JimmyBond
JimmyBond

Reputation: 67

How to loop over a list of children found inside a single scala.xml.Node

I'm pulling down some markup from a url and returning a single scala.xml.Node like so ...

  def doGoogleSearch(query:String) : scala.xml.Node = {
    val tmpUrl = "http://www.google.com?q="
    val tmp = tmpUrl.concat(query)

    val url = new URL(tmp)
    val conn = url.openConnection

    val sorce:InputSource = new InputSource
    val neo = new TagSoupFactoryAdapter
    val input = conn.getInputStream

    sorce.setByteStream(input)
    val markup = neo.loadXML(sorce)
    input.close

    return markup
  }

Next I want to loop through each child element inside the markup and what I have so far only seems to print 2x (yet this is a huge amount of html coming back). What am I missing here?

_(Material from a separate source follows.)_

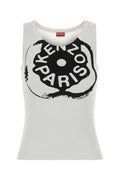 Women's Boke Tank Top White Cotton Elastane Sweater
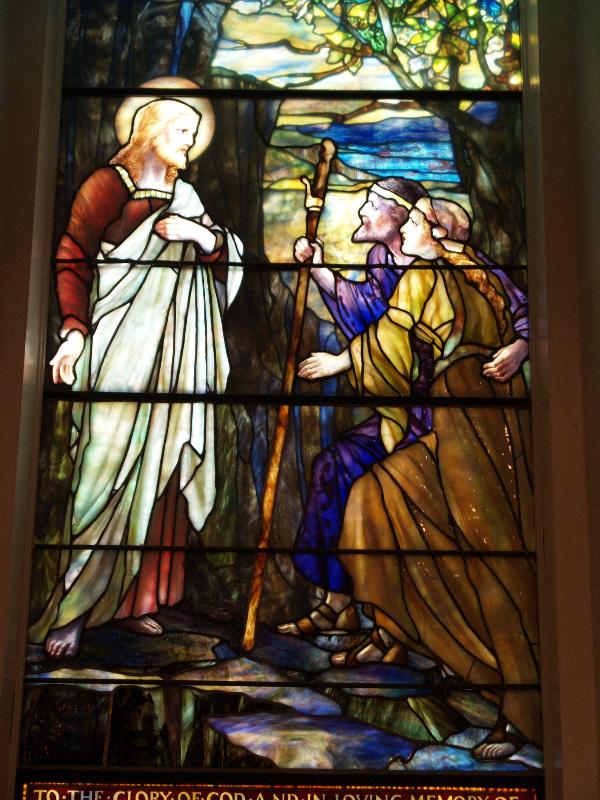 Lockport, New York (NY): First Presbyterian Church: They Came to the Master (Tiffany Studios)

def loopThroughChildren(markup:scala.xml.Node) : String = {
    for (i <- 0 until markup.child.length) {
      //println(??
    }
  return ""
}

Thank you in advance!

Upvotes: 3

Views: 3670

Answers (4)

yǝsʞǝla
yǝsʞǝla

Reputation: 16422

This will take a command line argument (filename) and print all tag labels found:

import scala.xml._
import scala.annotation.tailrec

object XmlTagLister extends App {
  require(args.length == 1, "You must provide an XML filename to be analyzed.")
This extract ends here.